[Opening Records supplied section]
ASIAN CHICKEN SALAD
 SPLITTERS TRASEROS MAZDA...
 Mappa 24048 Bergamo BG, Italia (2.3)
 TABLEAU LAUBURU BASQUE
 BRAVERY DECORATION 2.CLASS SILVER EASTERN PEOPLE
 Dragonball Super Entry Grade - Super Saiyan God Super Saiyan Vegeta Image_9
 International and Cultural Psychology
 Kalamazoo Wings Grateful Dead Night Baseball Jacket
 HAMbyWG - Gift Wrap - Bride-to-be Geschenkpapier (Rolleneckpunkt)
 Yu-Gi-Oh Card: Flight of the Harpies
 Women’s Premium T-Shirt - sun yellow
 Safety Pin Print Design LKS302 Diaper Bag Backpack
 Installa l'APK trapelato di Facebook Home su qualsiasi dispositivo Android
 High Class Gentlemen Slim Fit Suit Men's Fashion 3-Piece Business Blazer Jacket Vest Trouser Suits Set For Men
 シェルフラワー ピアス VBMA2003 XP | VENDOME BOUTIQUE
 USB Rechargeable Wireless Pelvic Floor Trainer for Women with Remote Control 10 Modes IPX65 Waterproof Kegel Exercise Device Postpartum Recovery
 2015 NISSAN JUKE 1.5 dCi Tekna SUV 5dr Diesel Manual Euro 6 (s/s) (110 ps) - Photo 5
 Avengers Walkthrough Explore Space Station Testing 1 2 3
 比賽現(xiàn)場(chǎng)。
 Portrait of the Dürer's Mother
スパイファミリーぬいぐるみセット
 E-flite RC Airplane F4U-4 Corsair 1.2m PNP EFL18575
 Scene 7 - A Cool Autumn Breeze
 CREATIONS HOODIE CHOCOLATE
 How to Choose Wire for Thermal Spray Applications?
[Closing Records supplied section]
**Problem description:** Your output should consist solely of the lines from the beginning of the entries through the line containing "International and Cultural Psychology", reproduced exactly.

**Answer to this exercise:**
ASIAN CHICKEN SALAD
 SPLITTERS TRASEROS MAZDA...
 Mappa 24048 Bergamo BG, Italia (2.3)
 TABLEAU LAUBURU BASQUE
 BRAVERY DECORATION 2.CLASS SILVER EASTERN PEOPLE
 Dragonball Super Entry Grade - Super Saiyan God Super Saiyan Vegeta Image_9
 International and Cultural Psychology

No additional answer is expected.